Start of EXTRACTED ENTRIES

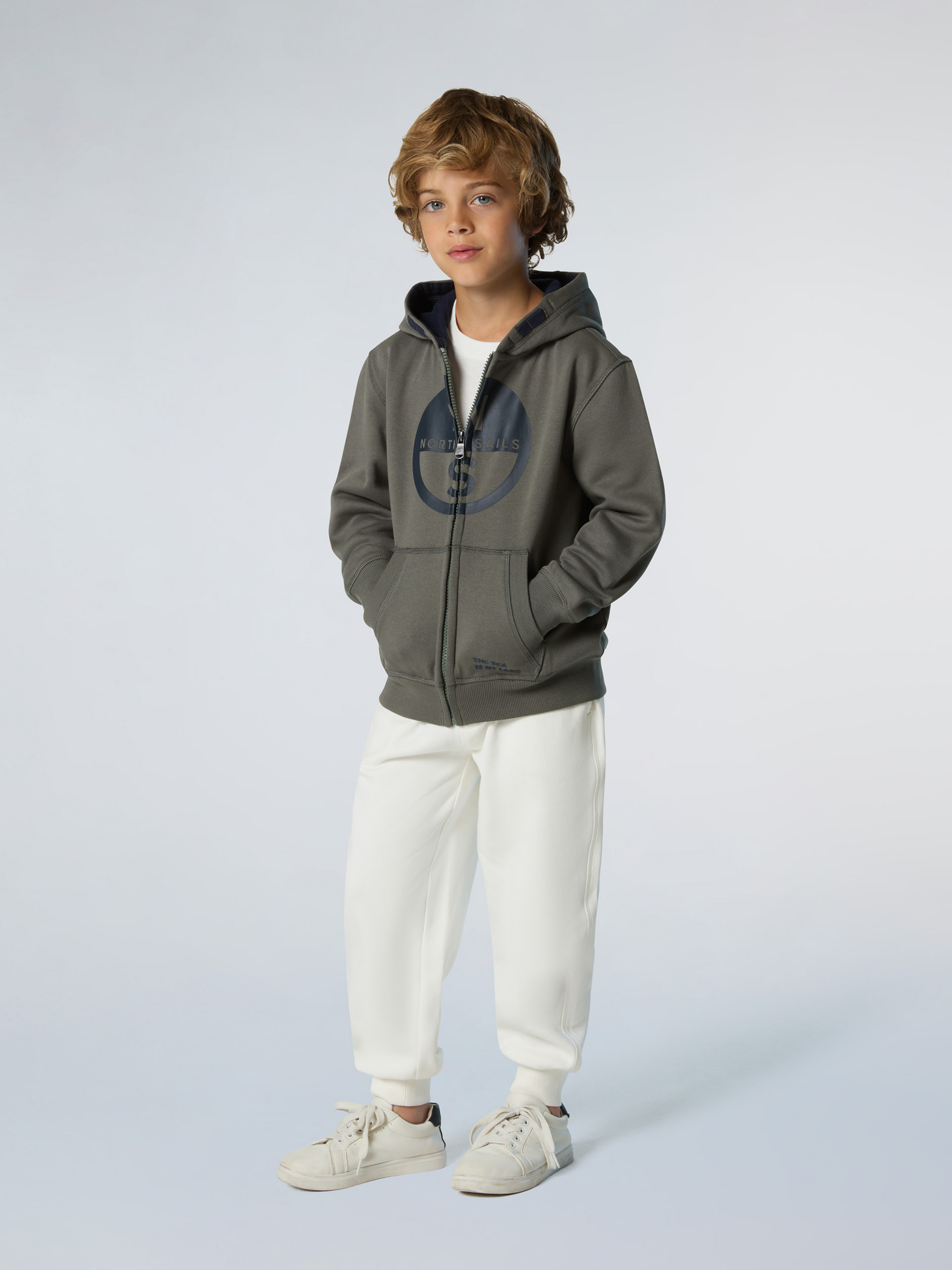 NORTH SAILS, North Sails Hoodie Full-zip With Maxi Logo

End of EXTRACTED ENTRIES
Start of EXTRACTED ENTRIES

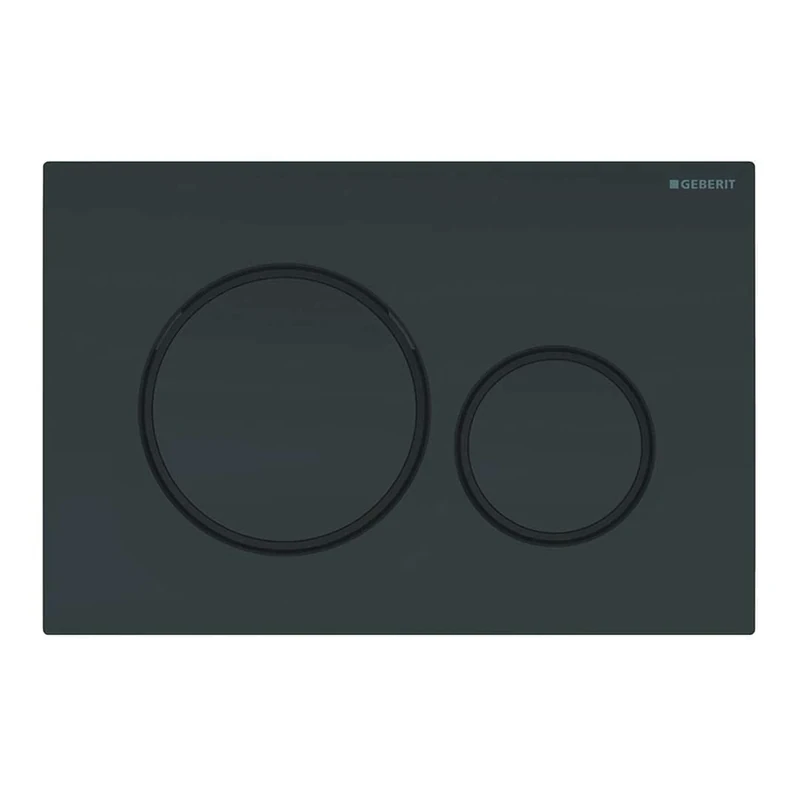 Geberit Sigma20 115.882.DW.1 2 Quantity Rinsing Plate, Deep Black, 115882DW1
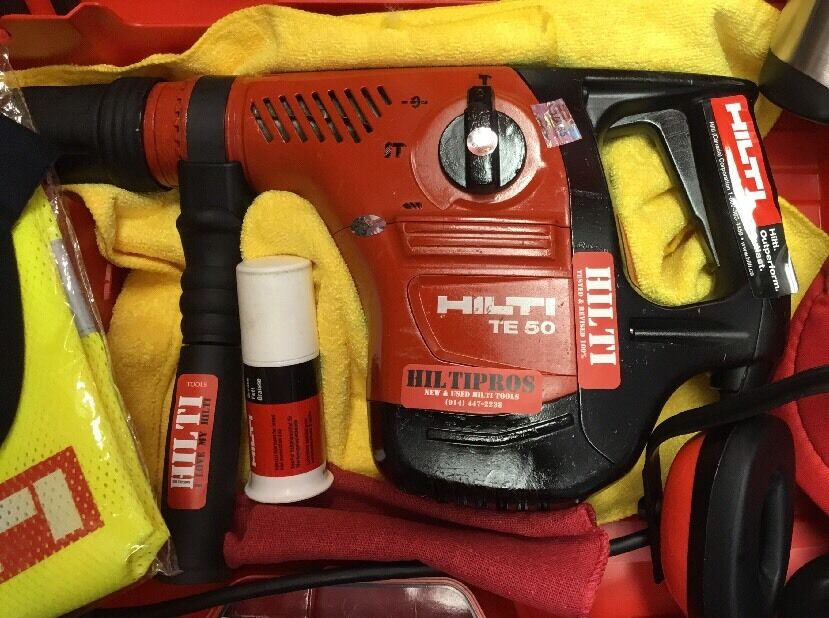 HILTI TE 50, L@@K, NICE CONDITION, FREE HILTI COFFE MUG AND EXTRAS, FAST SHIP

End of EXTRACTED ENTRIES
Start of EXTRACTED ENTRIES

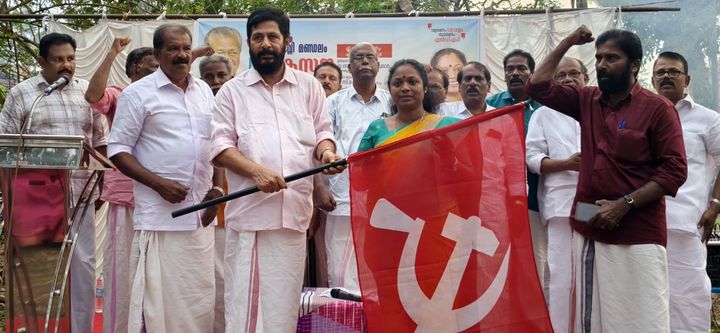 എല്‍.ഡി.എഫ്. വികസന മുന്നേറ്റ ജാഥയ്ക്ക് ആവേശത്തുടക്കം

End of EXTRACTED ENTRIES

_WHAT YOU HAVE TO DO_
Look back at the data above, then output exactly the lines from the line holding "Geberit Sigma20 115.882.DW.1" up to and including the line holding "HILTI TE 50, L@@K, NICE". Leave out the pictures.

_TASK SOLUTION_
 Geberit Sigma20 115.882.DW.1 2 Quantity Rinsing Plate, Deep Black, 115882DW1
 HILTI TE 50, L@@K, NICE CONDITION, FREE HILTI COFFE MUG AND EXTRAS, FAST SHIP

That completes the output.